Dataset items
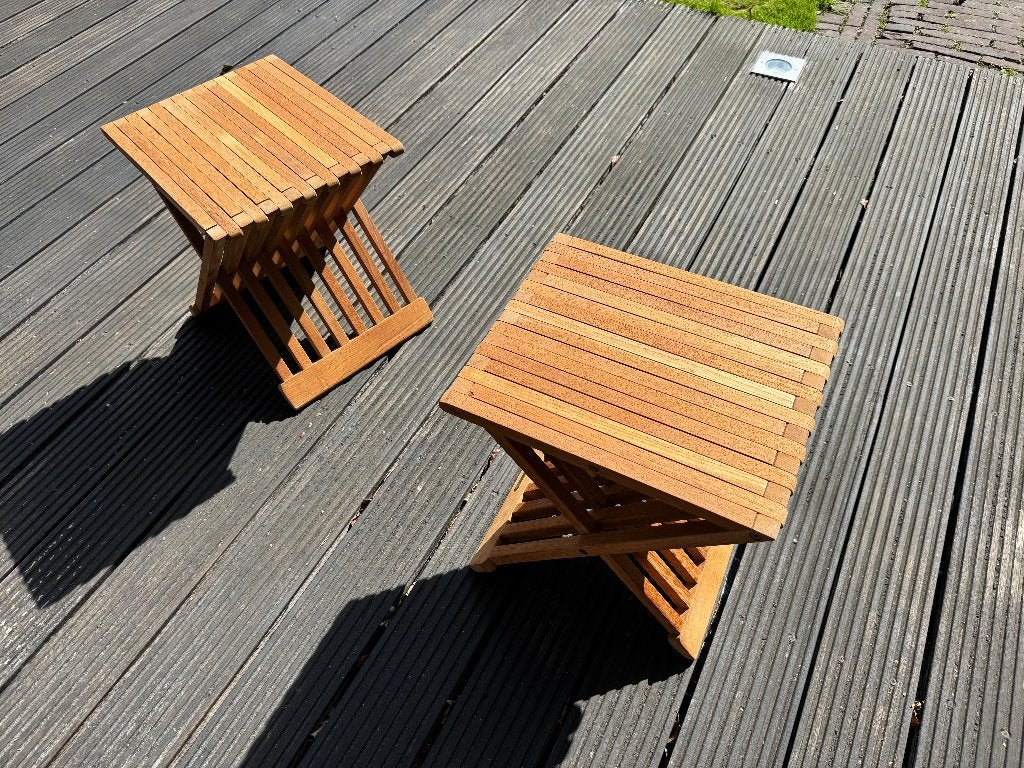 2 Skagerak opvouwbare krukjes Skagerak, Ophalen, Zo goed als nieuw, Hout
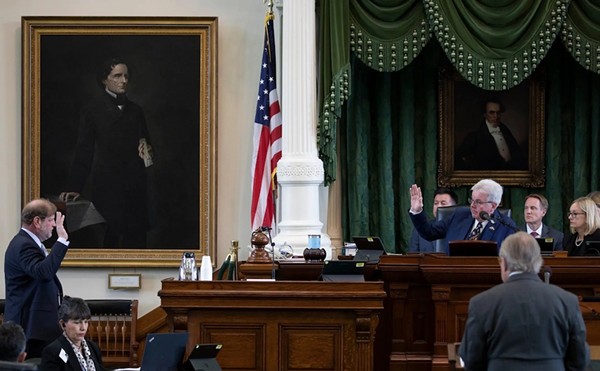 Darren McCarty, former deputy attorney general for civil litigation under Ken Paxton, is sworn in by Lt. Gov. Dan Patrick during the sixth day of Paxton’s impeachment trial on Sept. 12, 2023.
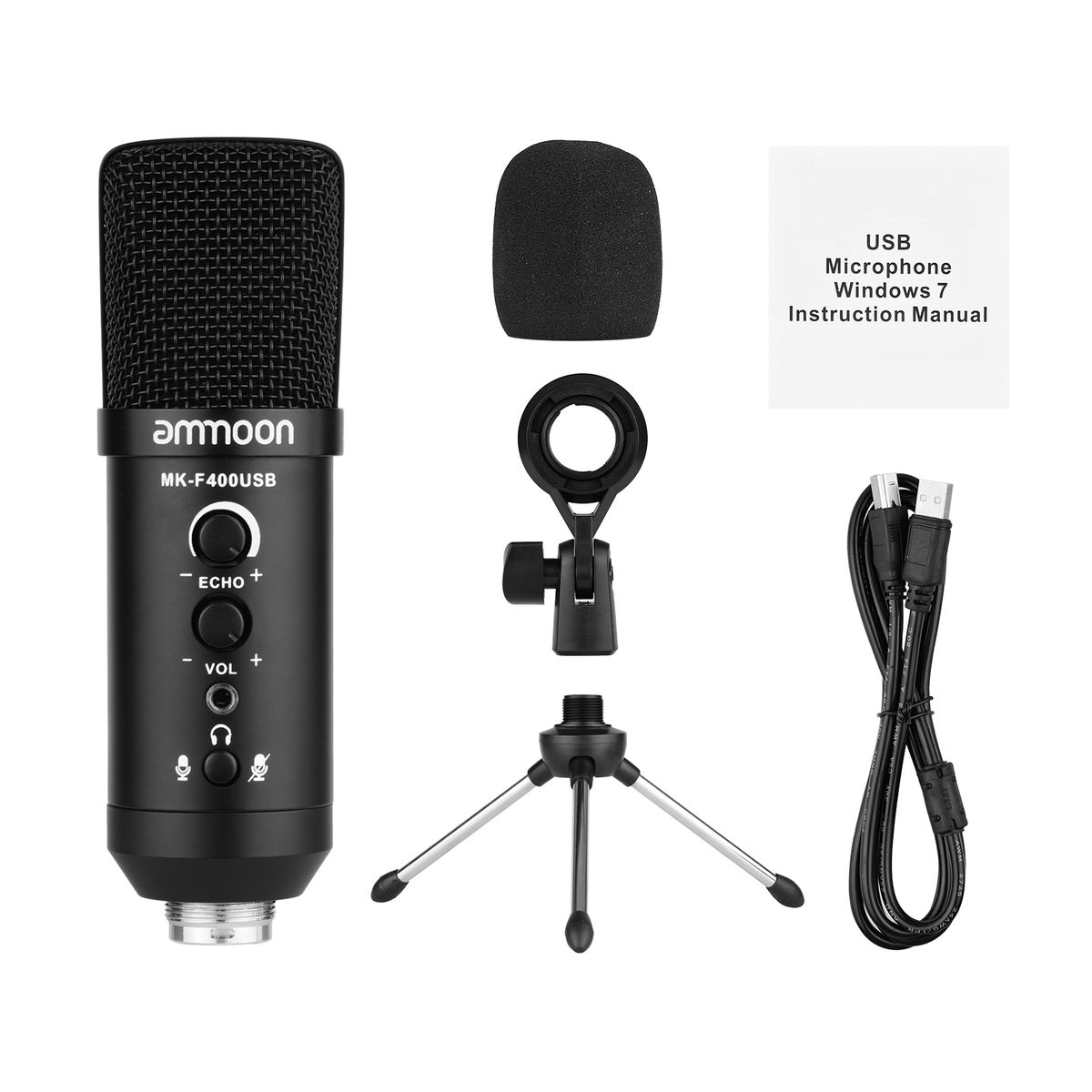 Ammoon USB Condenser Microphone Computer Mic Kit With Mini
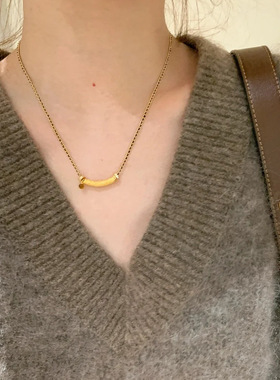 法式轻奢拉丝微笑虎眼石项链简约高级感精致百搭复古编织锁骨链女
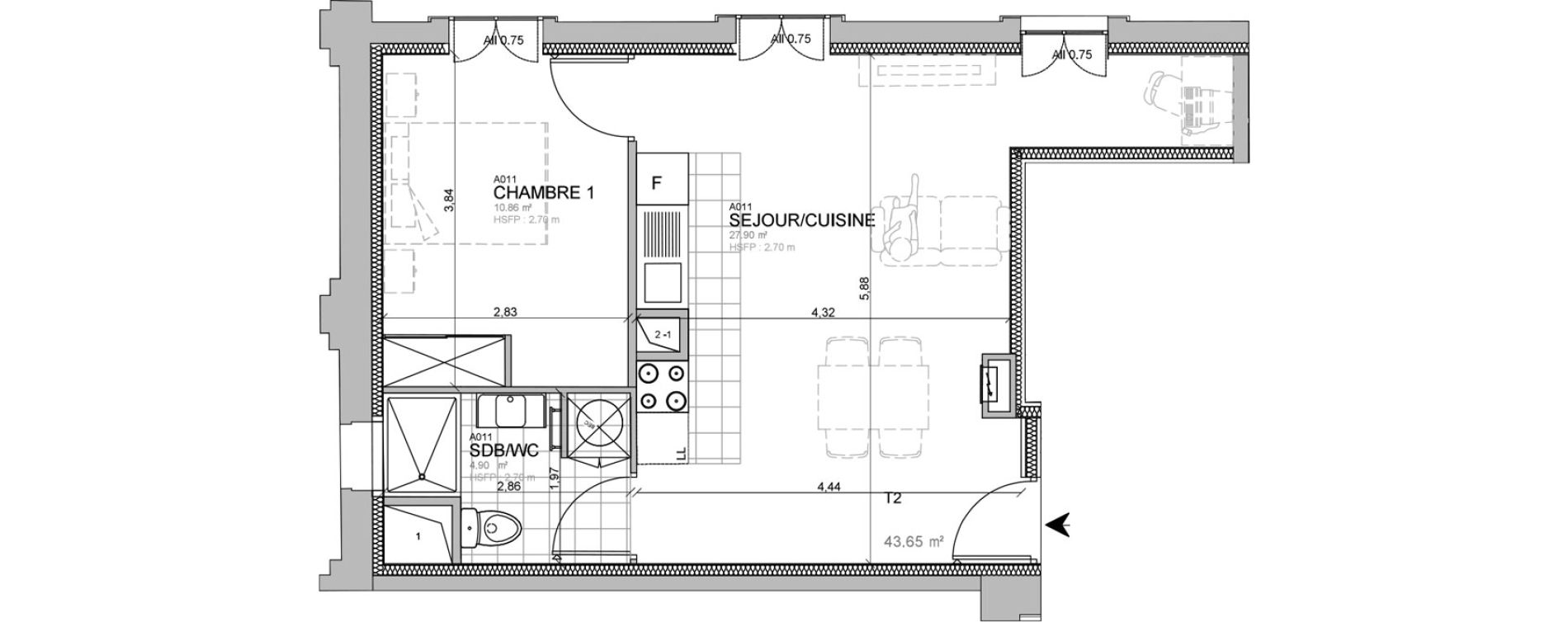 Appartement T2 de 43,65 m2 &agrave; M&eacute;rignies Centre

* [Description of the task]: Print out every record above exactly as given. Do not include the pictures.

* [Reply to the exercise]:
 2 Skagerak opvouwbare krukjes Skagerak, Ophalen, Zo goed als nieuw, Hout
 Darren McCarty, former deputy attorney general for civil litigation under Ken Paxton, is sworn in by Lt. Gov. Dan Patrick during the sixth day of Paxton’s impeachment trial on Sept. 12, 2023.
 Ammoon USB Condenser Microphone Computer Mic Kit With Mini
 法式轻奢拉丝微笑虎眼石项链简约高级感精致百搭复古编织锁骨链女
 Appartement T2 de 43,65 m2 &agrave; M&eacute;rignies Centre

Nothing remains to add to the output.